Il suo nome è legato ad una delle storie più affascinanti e clamorose del calciomercato italiano, in quanto fu lui a concretizzare l'incredibile arrivo all'Udinese dell'asso brasiliano Zico, giunto in Friuli al termine di una lunga battaglia con la Federazione combattuta anche dai tifosi bianconeri con quei celeberrimi cori di 'secessione' del calibro di: "O Zico, o Austria". Ma nel lungo passato da dirigente sportivo di Franco Dal Cin c'è anche una parentesi, non propriamente felice, all'Inter, dove giunse nel 1984, un anno dopo l'arrivo del Galinho e poco prima dell'avvento alla presidenza di Ernesto Pellegrini. 

Un'esperienza che, come ricorda alla Gazzetta allo Sport, non durò molto anche per colpa, a suo dire, di un'ingenuità: "Un giornalista mi chiese per chi tifassi. Risposi: 'Per la squadra per cui lavoro'. Insistette: 'Sì, ma da bambino?'. E io commisi l’ingenuità di dire 'Juve', perché era la verità. Avrei dovuto proclamarmi interista da sempre, ma ero presuntuoso, convinto che la mia professionalità avrebbe risolto tutto. All’Inter facevo il dg, sul mercato non avevo voce. Agli acquisti provvedevano il presidente Ernesto Pellegrini e il ds Giancarlo Beltrami.
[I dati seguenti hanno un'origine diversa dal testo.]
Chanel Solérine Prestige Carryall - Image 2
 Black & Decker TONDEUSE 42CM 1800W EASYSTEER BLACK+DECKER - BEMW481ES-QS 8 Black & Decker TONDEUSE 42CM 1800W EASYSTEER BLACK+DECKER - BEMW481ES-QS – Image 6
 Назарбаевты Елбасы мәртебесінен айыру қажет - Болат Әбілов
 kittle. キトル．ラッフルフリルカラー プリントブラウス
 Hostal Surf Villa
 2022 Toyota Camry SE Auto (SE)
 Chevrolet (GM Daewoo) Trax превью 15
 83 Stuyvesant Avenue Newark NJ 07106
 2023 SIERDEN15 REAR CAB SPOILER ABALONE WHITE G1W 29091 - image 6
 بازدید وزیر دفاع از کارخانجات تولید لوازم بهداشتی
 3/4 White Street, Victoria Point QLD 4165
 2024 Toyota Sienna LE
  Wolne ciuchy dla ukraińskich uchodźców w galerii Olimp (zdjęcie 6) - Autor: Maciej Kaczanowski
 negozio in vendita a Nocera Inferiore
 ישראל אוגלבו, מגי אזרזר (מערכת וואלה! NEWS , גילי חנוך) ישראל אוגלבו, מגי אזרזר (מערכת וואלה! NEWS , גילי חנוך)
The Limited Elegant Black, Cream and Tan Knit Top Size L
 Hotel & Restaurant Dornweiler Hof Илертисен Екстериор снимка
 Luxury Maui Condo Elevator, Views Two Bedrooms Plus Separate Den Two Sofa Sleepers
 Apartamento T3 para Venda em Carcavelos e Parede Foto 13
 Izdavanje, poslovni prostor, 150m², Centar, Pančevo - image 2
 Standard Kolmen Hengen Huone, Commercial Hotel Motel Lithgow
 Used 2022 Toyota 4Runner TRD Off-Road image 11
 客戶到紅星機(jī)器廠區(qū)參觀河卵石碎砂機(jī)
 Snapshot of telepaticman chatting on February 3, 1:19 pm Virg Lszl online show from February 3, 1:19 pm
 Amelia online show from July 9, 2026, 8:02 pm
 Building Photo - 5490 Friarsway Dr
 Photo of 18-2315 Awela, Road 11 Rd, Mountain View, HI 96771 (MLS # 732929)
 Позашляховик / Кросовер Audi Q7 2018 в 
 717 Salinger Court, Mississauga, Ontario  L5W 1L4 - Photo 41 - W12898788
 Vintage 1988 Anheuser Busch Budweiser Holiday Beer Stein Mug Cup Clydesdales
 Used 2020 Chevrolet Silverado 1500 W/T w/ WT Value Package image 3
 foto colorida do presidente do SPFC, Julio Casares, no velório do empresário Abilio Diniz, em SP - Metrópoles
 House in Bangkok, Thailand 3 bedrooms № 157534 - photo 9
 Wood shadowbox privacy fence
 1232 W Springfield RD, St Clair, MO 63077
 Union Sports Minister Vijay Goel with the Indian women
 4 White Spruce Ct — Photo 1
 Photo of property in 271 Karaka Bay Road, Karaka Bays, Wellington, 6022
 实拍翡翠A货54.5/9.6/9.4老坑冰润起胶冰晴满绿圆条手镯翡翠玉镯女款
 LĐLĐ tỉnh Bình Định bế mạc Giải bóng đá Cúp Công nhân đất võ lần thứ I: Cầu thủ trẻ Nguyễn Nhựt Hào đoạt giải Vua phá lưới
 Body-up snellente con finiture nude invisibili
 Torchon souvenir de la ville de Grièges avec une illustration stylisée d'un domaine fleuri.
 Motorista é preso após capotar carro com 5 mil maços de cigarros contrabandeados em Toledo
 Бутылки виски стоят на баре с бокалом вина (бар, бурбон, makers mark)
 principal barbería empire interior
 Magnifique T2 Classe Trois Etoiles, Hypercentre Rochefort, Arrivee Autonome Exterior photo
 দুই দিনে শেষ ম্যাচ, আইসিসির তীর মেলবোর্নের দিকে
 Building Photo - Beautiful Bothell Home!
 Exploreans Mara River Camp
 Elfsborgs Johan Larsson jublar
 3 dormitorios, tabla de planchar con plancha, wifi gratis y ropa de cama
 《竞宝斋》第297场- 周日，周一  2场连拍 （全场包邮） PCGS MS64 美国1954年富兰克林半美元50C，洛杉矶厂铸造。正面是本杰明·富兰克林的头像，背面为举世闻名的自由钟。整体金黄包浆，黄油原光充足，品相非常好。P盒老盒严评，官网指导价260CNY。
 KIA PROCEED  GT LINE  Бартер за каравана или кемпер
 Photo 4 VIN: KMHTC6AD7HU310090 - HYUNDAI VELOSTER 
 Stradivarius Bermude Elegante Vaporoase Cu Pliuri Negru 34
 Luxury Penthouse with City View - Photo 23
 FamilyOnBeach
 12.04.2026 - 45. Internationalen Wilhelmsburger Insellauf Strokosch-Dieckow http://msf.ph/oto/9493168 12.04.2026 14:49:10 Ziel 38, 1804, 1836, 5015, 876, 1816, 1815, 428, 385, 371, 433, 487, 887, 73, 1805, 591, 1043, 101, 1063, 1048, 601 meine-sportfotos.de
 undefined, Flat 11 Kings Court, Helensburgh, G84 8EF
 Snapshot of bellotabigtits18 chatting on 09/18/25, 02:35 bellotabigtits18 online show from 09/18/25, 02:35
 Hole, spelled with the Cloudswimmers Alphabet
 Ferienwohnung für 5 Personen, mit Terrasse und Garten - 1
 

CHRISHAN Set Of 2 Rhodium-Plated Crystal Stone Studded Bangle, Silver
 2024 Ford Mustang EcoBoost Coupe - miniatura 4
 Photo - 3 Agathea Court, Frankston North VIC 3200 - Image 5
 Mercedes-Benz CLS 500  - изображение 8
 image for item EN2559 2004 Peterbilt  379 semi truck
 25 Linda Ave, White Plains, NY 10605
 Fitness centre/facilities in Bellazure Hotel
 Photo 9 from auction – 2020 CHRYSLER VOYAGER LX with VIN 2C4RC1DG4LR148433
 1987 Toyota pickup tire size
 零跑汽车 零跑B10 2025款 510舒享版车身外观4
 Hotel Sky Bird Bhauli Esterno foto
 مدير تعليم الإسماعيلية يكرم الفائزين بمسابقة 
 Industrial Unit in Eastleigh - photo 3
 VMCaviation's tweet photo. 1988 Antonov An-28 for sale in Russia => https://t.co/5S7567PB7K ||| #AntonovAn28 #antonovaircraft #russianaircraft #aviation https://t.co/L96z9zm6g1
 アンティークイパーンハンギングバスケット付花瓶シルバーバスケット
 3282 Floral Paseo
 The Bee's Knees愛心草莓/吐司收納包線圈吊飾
Quando arrivai in sede, avevano già ingaggiato Karl-Heinz Rummenigge. Nel 1985 comprarono  Luciano Marangon, Pietro Fanna e Marco Tardelli, che io non avrei voluto. La squadra non andava bene e diedero la colpa a me". E nemmeno con l'avvocato Peppino Prisco nacque un grande feeling: "Non frequentavo, nella mia presunzione stavo per i fatti miei. Non partecipavo alle cene, mangiavo da solo in un ristorante che piaceva a me".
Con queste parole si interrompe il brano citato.